§ Data extract
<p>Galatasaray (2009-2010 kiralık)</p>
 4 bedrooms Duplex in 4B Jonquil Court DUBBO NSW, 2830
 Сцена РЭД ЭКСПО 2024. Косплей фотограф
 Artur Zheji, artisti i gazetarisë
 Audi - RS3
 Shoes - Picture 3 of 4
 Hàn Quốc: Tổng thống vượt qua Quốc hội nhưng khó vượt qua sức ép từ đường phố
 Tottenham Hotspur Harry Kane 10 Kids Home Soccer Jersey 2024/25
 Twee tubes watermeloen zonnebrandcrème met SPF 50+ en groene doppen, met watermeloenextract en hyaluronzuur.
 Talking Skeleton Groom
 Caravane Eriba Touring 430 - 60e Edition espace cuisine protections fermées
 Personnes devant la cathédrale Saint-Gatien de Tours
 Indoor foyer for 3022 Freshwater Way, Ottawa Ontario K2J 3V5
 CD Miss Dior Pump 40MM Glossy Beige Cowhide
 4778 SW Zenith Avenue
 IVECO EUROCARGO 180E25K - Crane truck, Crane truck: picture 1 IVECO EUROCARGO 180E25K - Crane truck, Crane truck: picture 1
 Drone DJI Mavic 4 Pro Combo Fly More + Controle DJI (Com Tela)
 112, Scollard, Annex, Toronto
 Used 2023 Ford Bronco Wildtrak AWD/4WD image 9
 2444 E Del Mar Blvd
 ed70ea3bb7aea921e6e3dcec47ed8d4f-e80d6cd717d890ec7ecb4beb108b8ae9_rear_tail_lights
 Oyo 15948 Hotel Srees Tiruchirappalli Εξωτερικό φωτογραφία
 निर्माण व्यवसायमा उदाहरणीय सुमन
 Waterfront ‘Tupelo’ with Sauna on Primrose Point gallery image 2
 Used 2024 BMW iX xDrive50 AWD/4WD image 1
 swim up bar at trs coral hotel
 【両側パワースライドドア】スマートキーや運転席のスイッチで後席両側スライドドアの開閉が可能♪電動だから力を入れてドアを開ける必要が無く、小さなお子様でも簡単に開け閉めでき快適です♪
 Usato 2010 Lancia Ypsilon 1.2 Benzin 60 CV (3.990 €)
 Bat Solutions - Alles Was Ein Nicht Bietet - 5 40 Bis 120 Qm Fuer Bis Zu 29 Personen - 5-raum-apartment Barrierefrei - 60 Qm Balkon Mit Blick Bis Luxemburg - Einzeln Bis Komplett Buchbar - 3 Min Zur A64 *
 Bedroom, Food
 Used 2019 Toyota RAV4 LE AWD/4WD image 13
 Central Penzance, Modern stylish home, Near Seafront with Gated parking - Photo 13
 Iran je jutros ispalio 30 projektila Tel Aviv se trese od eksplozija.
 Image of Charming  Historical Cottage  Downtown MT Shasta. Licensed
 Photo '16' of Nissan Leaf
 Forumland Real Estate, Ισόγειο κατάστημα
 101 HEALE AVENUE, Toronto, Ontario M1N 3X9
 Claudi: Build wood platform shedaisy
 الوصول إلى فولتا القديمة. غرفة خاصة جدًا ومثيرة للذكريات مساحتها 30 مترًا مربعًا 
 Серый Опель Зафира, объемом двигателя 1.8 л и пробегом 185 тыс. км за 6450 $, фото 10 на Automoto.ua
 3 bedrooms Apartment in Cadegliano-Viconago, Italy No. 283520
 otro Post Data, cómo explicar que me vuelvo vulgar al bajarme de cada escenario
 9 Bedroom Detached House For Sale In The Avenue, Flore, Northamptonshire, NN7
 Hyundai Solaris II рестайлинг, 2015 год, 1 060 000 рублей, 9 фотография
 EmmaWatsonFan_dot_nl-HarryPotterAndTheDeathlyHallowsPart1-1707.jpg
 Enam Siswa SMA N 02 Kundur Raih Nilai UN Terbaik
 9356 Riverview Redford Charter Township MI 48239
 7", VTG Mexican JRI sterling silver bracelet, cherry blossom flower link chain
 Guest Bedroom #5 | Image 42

§ Task goal
Scan the entries above for the line containing "Artur Zheji, artisti i gazetarisë", and copy it and all lines after it exactly, down to and including the line containing "CD Miss Dior Pump 40MM Glossy Beige Cowhide".

§ Answer section
 Artur Zheji, artisti i gazetarisë
 Audi - RS3
 Shoes - Picture 3 of 4
 Hàn Quốc: Tổng thống vượt qua Quốc hội nhưng khó vượt qua sức ép từ đường phố
 Tottenham Hotspur Harry Kane 10 Kids Home Soccer Jersey 2024/25
 Twee tubes watermeloen zonnebrandcrème met SPF 50+ en groene doppen, met watermeloenextract en hyaluronzuur.
 Talking Skeleton Groom
 Caravane Eriba Touring 430 - 60e Edition espace cuisine protections fermées
 Personnes devant la cathédrale Saint-Gatien de Tours
 Indoor foyer for 3022 Freshwater Way, Ottawa Ontario K2J 3V5
 CD Miss Dior Pump 40MM Glossy Beige Cowhide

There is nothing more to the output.